**Directions for this task**
Look through the data below for the line with "Semesterbostad Guestready - Beachfront" and the line with "Shawnee Inn And", then transcribe exactly from the first through the second, leaving out all pictures.

**Data in this exercise**
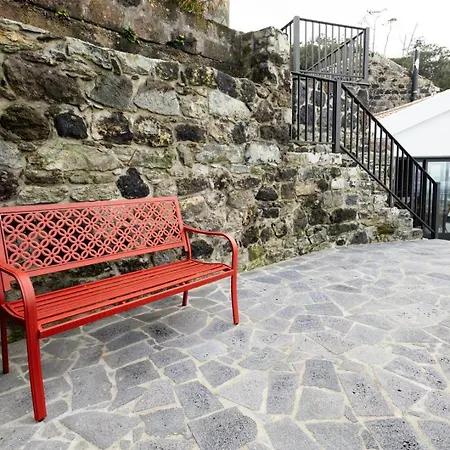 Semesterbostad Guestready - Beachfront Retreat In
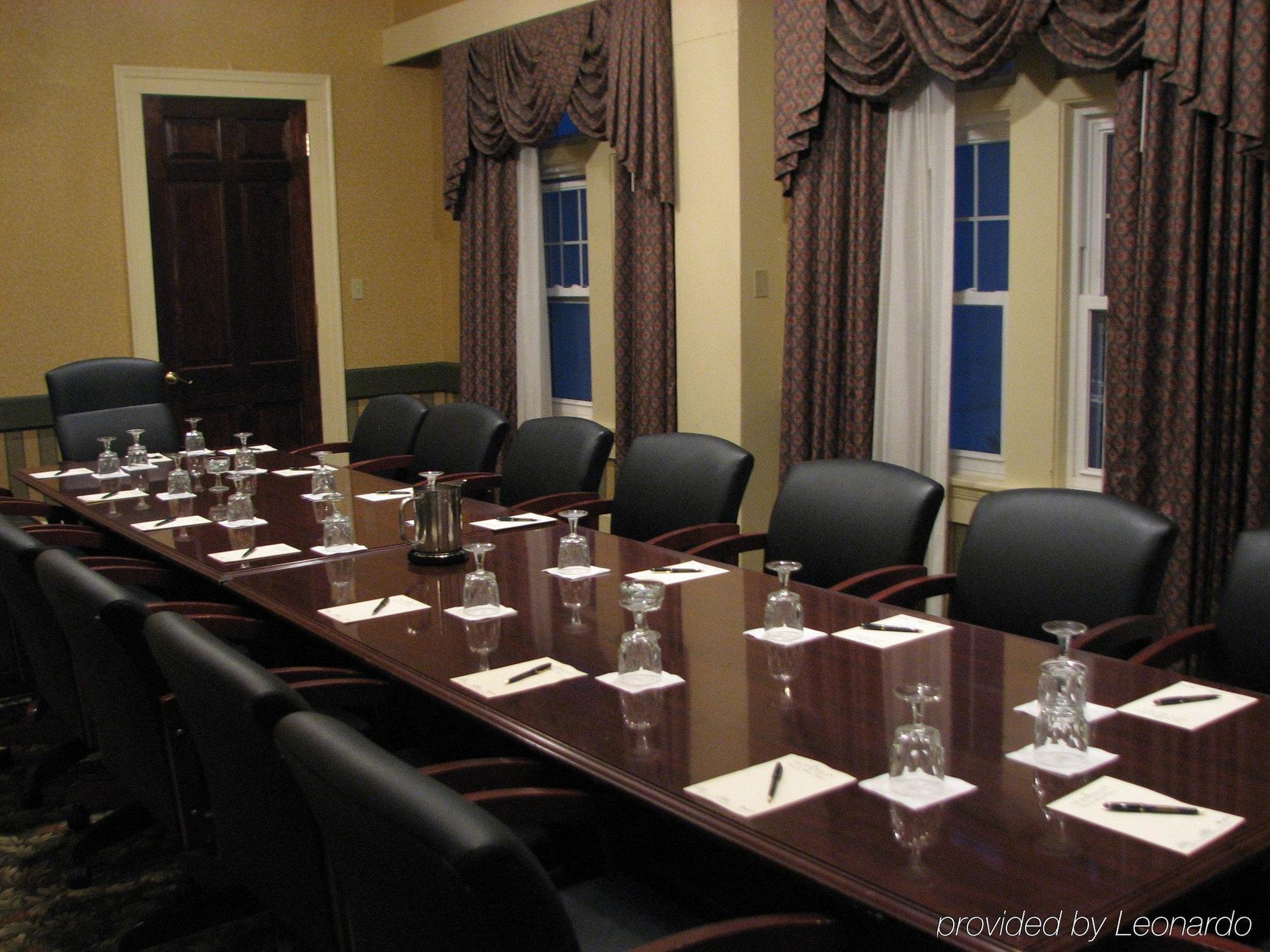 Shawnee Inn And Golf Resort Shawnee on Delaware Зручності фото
* * *
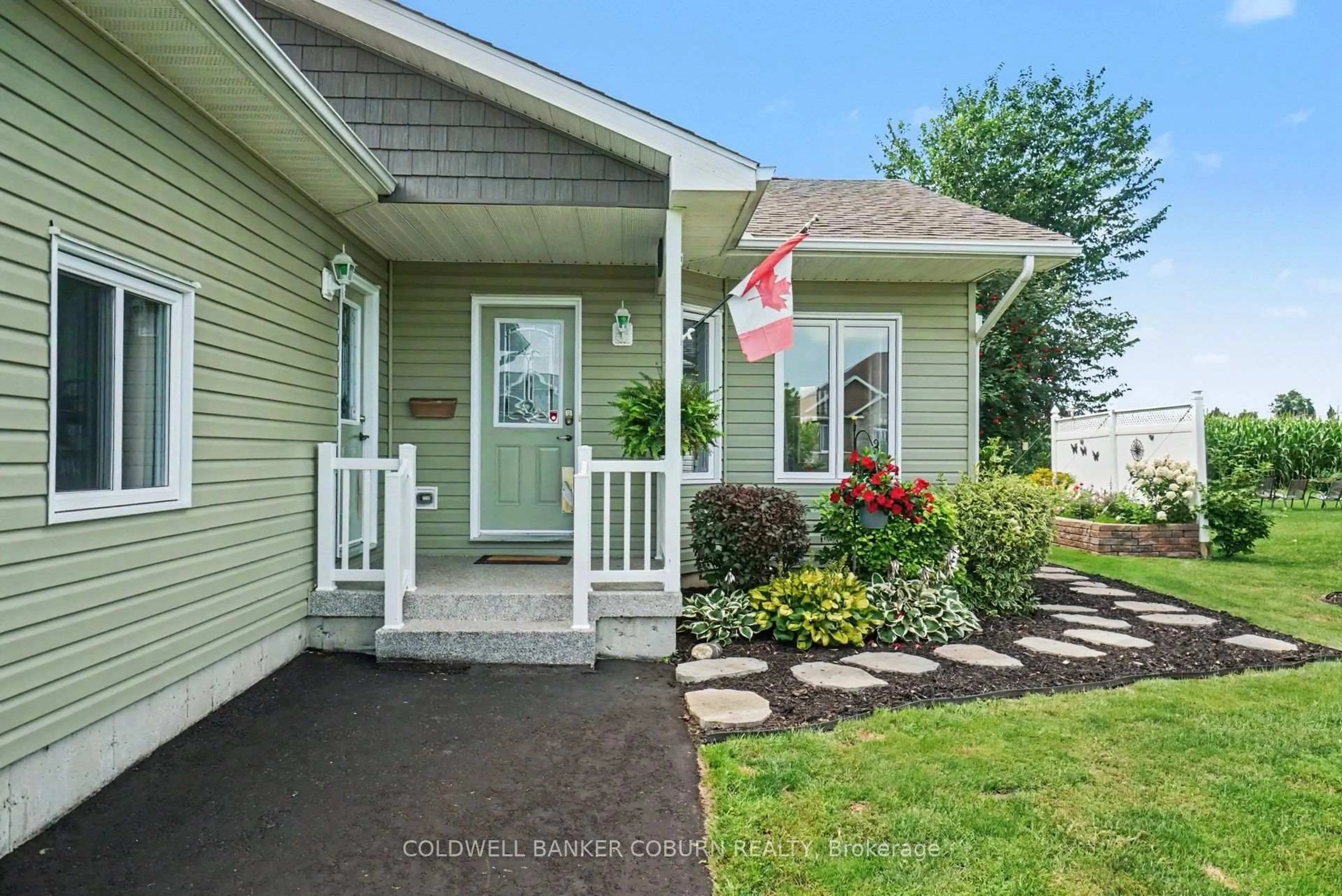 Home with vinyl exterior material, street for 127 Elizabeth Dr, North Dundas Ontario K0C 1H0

**Solution to this exercise**
 Semesterbostad Guestready - Beachfront Retreat In
 Shawnee Inn And Golf Resort Shawnee on Delaware Зручності фото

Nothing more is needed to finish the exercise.